Knowledge Base

Configuring Site Audit Manual

To set up a Site Audit, you first need to create a Project for the domain. Once you have your new project, select the “Set up” button in the Site Audit block of your Project interface.

If you are having problems getting your Site Audit to run, please reference Troubleshooting Site Audit for help.

Crawl Scope
Crawl Source
Advanced Setup
Crawler Settings
Allow/Disallow URLs
Remove URL Parameters
Bypass Website Restrictions
Schedule
Connecting Google Analytics

Step 1: Domain and Limit of Pages

You’ll be taken to the first part of the setup wizard, Domain and Limit Pages. From here, you can either choose to “Start Site Audit,” which will immediately run an audit of your site with our default settings, or proceed to customize the settings of your audit to your liking. But don't worry, you can always change your settings and re-run your audit to crawl a more specific area of your site after your initial set up.

Crawl Scope

To crawl a specific domain, subdomain, or subfolder, you can enter it into the “Crawl scope” field. If you enter a domain in this field, you’ll be given the option to crawl all subdomains of your domain with a checkbox.

crawl-scope-site-audit

Limit of Checked Pages

Next, select how many pages you want to crawl per audit. You can enter a custom amount using the “Custom” option.  You will want to choose this number wisely, depending on the level of your subscription and how often you plan on re-auditing your website.

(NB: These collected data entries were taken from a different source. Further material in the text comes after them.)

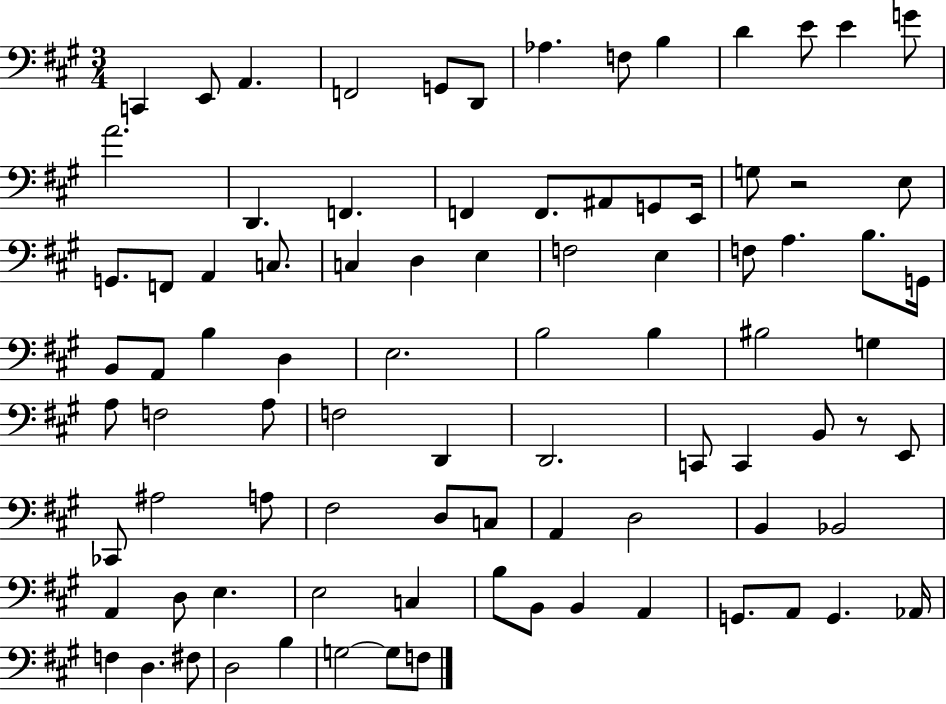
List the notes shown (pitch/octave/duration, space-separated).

C2/q E2/e A2/q. F2/h G2/e D2/e Ab3/q. F3/e B3/q D4/q E4/e E4/q G4/e A4/h. D2/q. F2/q. F2/q F2/e. A#2/e G2/e E2/s G3/e R/h E3/e G2/e. F2/e A2/q C3/e. C3/q D3/q E3/q F3/h E3/q F3/e A3/q. B3/e. G2/s B2/e A2/e B3/q D3/q E3/h. B3/h B3/q BIS3/h G3/q A3/e F3/h A3/e F3/h D2/q D2/h. C2/e C2/q B2/e R/e E2/e CES2/e A#3/h A3/e F#3/h D3/e C3/e A2/q D3/h B2/q Bb2/h A2/q D3/e E3/q. E3/h C3/q B3/e B2/e B2/q A2/q G2/e. A2/e G2/q. Ab2/s F3/q D3/q. F#3/e D3/h B3/q G3/h G3/e F3/e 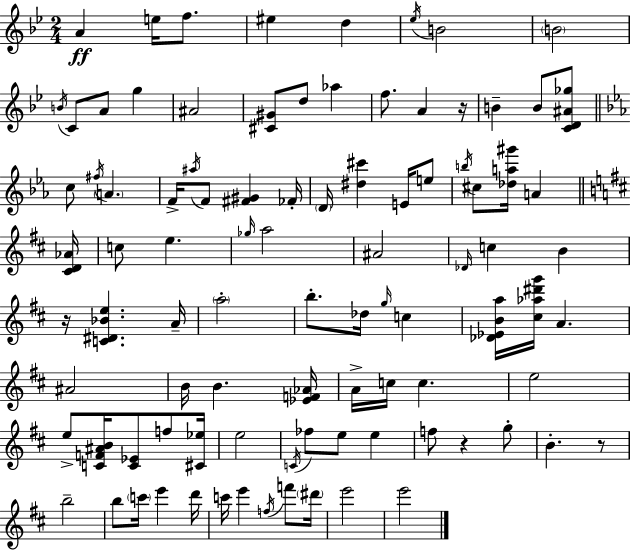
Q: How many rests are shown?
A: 4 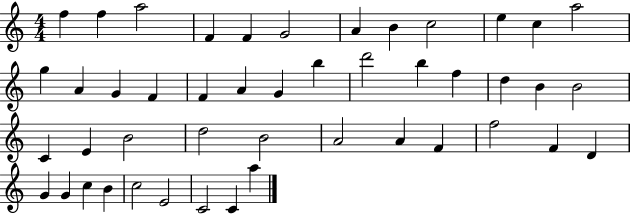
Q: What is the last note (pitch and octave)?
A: A5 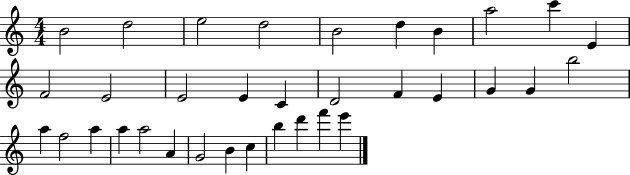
B4/h D5/h E5/h D5/h B4/h D5/q B4/q A5/h C6/q E4/q F4/h E4/h E4/h E4/q C4/q D4/h F4/q E4/q G4/q G4/q B5/h A5/q F5/h A5/q A5/q A5/h A4/q G4/h B4/q C5/q B5/q D6/q F6/q E6/q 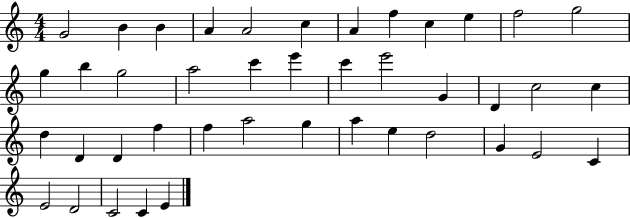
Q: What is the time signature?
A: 4/4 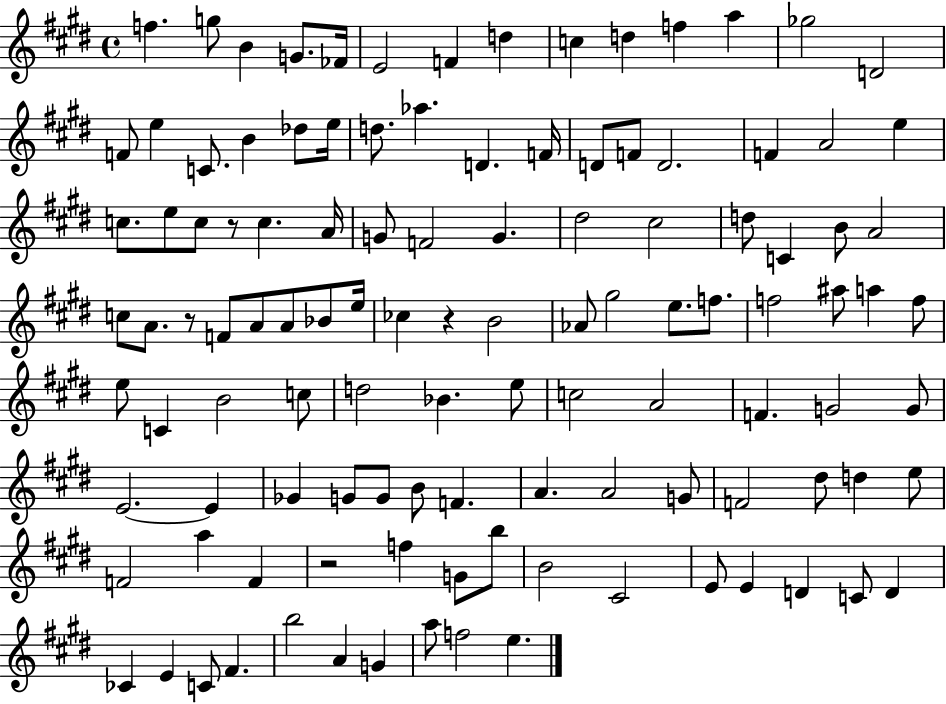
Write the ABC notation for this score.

X:1
T:Untitled
M:4/4
L:1/4
K:E
f g/2 B G/2 _F/4 E2 F d c d f a _g2 D2 F/2 e C/2 B _d/2 e/4 d/2 _a D F/4 D/2 F/2 D2 F A2 e c/2 e/2 c/2 z/2 c A/4 G/2 F2 G ^d2 ^c2 d/2 C B/2 A2 c/2 A/2 z/2 F/2 A/2 A/2 _B/2 e/4 _c z B2 _A/2 ^g2 e/2 f/2 f2 ^a/2 a f/2 e/2 C B2 c/2 d2 _B e/2 c2 A2 F G2 G/2 E2 E _G G/2 G/2 B/2 F A A2 G/2 F2 ^d/2 d e/2 F2 a F z2 f G/2 b/2 B2 ^C2 E/2 E D C/2 D _C E C/2 ^F b2 A G a/2 f2 e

  • Pro users can crawl up to 100,000 pages per month and 20,000 pages per audit
  • Guru users can crawl 300,000 pages per month and 20,000 pages per audit
  • Business users can crawl up to 1 million pages per month and 100,000 pages per audit

Crawl Source

Setting the crawl source determines how the SEMrush Site Audit bot crawls your website and finds pages to audit. In addition to setting the crawl source, you can set masks and parameters to include/exclude from the audit in steps 3 and 4 of the setup wizard.

There are 4 options to set as your Audit’s crawl source: Website, Sitemap on site, Sitemap by URL, and a file of URLs.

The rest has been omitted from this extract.